Pernyataan itu disampaikan oleh peneliti senior untuk perusahaan keamanan siber Sophos. Berbicara kepada The Register, Shier menyatakan deepfake tidak begitu populer di kalangan scammer, karena korban akan menyerahkan informasi pribadi secara sukarela jika bertanya secara baik-baik.
Deepfake sendiri merupakan teknologi berbasis kecerdasan buatan (AI) yang digunakan untuk membuat foto, audio, video yang tampak otentik atau meyakinkan.

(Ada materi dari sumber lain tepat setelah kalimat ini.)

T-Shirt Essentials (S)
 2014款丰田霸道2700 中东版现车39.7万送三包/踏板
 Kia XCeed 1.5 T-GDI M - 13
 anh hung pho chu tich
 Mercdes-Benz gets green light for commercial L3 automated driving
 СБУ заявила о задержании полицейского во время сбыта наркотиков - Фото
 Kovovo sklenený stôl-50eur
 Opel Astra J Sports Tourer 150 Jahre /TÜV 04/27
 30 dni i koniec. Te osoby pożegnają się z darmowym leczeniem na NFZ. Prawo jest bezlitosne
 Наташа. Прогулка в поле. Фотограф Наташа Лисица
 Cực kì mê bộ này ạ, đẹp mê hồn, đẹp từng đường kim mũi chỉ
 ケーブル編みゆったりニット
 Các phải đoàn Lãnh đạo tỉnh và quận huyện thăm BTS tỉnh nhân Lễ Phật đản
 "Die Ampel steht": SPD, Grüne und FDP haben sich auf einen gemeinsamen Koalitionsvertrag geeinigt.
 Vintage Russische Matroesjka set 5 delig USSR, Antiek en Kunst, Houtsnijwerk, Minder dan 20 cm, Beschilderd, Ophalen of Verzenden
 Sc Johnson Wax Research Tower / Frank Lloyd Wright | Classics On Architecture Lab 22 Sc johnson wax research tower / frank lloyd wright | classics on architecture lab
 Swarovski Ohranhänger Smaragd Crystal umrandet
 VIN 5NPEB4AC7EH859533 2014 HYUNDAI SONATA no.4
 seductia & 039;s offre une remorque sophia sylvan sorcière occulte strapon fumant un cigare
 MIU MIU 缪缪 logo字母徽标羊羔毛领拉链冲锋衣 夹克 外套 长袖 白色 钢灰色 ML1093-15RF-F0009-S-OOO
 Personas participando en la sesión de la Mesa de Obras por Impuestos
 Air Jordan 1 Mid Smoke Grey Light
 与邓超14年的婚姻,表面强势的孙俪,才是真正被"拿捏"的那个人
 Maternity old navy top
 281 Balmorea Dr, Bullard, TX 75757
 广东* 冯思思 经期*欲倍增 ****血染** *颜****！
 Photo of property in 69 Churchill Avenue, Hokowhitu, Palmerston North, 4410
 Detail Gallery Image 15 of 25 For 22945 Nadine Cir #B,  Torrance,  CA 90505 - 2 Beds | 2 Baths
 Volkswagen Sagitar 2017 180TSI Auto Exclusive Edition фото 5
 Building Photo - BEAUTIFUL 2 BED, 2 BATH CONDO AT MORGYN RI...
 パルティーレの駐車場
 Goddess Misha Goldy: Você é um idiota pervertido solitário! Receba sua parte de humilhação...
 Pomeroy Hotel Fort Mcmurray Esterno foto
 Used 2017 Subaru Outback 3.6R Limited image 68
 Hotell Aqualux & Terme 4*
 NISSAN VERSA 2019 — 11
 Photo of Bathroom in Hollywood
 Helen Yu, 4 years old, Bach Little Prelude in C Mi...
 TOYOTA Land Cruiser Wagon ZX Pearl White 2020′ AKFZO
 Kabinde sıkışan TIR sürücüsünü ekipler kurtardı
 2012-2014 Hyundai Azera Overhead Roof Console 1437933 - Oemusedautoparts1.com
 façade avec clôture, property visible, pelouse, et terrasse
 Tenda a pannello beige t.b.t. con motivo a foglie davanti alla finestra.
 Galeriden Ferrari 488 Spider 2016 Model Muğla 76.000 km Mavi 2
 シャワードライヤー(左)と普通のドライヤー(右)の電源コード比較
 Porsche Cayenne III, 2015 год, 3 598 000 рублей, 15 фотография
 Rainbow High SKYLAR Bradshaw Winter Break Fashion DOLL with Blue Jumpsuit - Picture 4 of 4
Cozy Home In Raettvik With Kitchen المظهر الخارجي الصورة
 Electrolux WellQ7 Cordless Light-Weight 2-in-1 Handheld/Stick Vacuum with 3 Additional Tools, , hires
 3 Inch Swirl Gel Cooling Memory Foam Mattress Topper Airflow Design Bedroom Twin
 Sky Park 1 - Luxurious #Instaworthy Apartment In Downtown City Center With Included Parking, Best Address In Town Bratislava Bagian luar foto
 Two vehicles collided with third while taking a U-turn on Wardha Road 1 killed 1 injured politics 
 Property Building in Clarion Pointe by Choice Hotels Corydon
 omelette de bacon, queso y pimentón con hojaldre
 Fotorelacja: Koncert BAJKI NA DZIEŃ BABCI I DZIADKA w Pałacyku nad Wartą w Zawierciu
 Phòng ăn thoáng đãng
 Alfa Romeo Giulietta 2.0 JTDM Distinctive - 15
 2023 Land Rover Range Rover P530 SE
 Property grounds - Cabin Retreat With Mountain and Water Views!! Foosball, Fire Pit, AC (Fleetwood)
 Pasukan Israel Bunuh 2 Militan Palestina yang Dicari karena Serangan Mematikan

Menurut Shier, deepfake mungkin berlebihan untuk beberapa jenis penipuan, tetapi tidak menutup kemungkinan scammer menggunakan teknologi tersebut.
Seperti penipuan asmara, di mana scammer menjadi dekat dengan korban di dunia maya dan meyakinkannya untuk membuat mereka mengirim uang. Scammer di sini berperan sebagai sosok orang lain yang merayu korban.
BACA JUGA:
Melansir TechRadar, Selasa, 18 Oktober, sebelumnya juga pada 2018, deepfake digunakan untuk mencuri identitas mantan Presiden AS Barack Obama dan menyebarkan hoax di internet.
Shier percaya bahwa ia tidak melihat dampak maksimal pada deepfake terhadap penipuan yang direkayasa secara sosial di masa mendatang. Namun, Shier meminta harus tetap waspada karena deepfake bisa saja digunakan dalam kejahatan terorganisir.
"Pakar AI membuatnya terdengar seperti masih beberapa tahun lagi dari dampak besar. Di antaranya, kita akan melihat kelompok kejahatan yang memiliki sumber daya yang baik melakukan kompromi tingkat berikutnya untuk mengelabui orang agar mengirimkan dana ke rekening," tutur Shier.